Predictor Distributions

The distributions of the selected predictors in the soybean dataset show several variables with notable missing values (labeled “NA”). For variables like lodging, seed.discolor, and germ, the missing values are relatively high, which may influence the balance of the observed values and impact the analysis of these predictors. Other variables, such as fruit.spots and fruiting.bodies, have fewer missing values, which suggests a more reliable distribution of observed data; the proportion of missing values can affect the interpretation and model performance.

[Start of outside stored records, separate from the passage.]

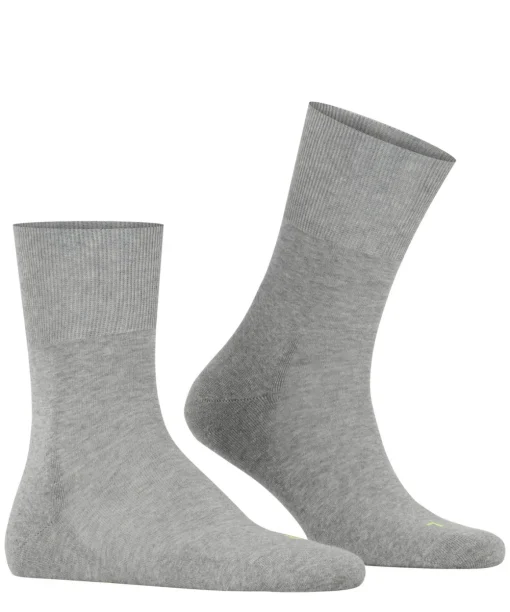 Run Unisex Socken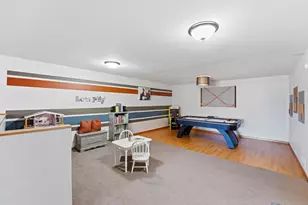 74540 213th St, Dassel, MN 55325 - Photo 55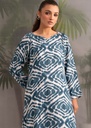 https://cdn.shopify.com/s/files/1/2337/7003/files/cropped_image-173874660028014_aaf8bf3d-0ca6-4d09-a31d-c43c9c57eb8e.jpg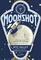 Moonshot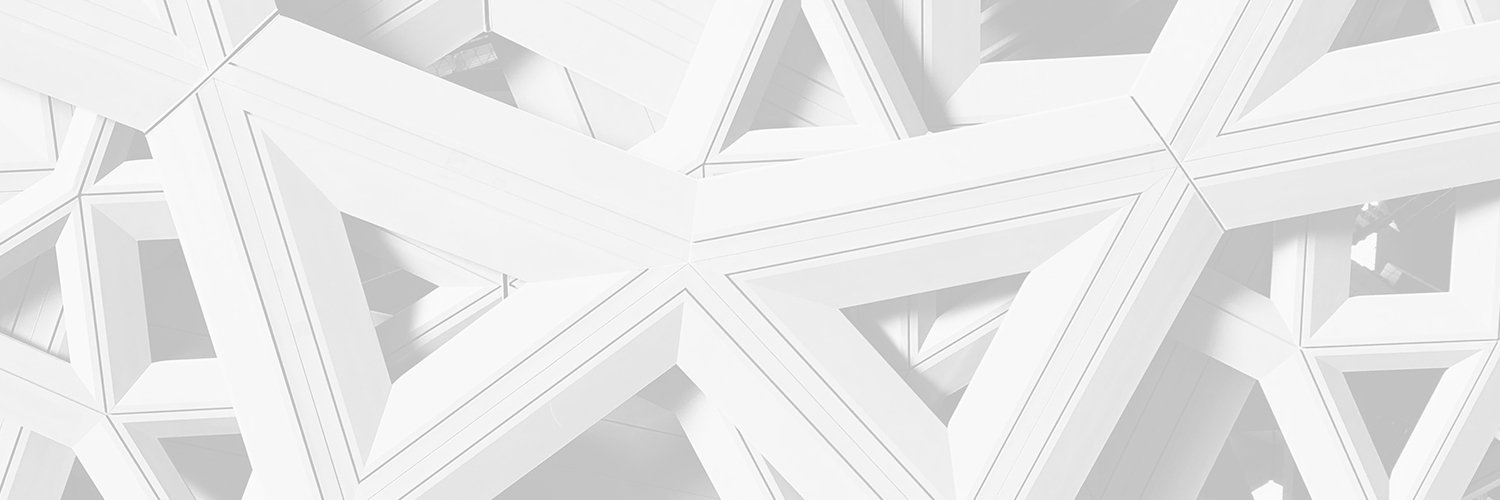 WJanensch's profile banner image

These 12 predictors have the highest percentage of missing values.

# Filter the soybean_data
variables_to_include <- c("hail", "sever", "seed.tmt", "lodging", "germ", "leaf.mild", "fruiting.bodies", "fruit.spots", "seed.discolor", "shriveling", "leaf.shread", "seed")

# Convert columns to numeric
soybean_data_long <- soybean_data %>%
  mutate(across(all_of(variables_to_include), as.character)) %>%
  pivot_longer(cols = all_of(variables_to_include), names_to = "Variable", values_to = "Value")

# Plot bar charts
ggplot(soybean_data_long, aes(x = Value)) +
  geom_bar(fill = "orange") +
  facet_wrap(~ Variable, scales = "free") +
  labs(title = "Frequency Distributions of Selected Predictors in the Soybean Dataset", x = "Value", y = "Count") +
  theme_minimal() +
  theme(
    axis.text.x = element_text(angle = 45, hjust = 1, size = 6),
    axis.text.y = element_text(size = 8),
    strip.text = element_text(size = 8),
    plot.title = element_text(size = 10)
  )

Missing Predictor %

The bar plot shows the percentage of missing data across variables in the soybean dataset. The variables sever, seed.tmt, and lodging have the highest percentages of missing data, each exceeding roughly 17.5%. This could significantly impact analyses and modeling involving these variables. Variables like area.dam, leaves, and date have almost no missing values, suggesting that they are more complete and reliable for analysis. The presence of varying levels of missing data across predictors indicates that we need to impute or exclude data. We address the higher percentages of missingness to avoid biases in modeling.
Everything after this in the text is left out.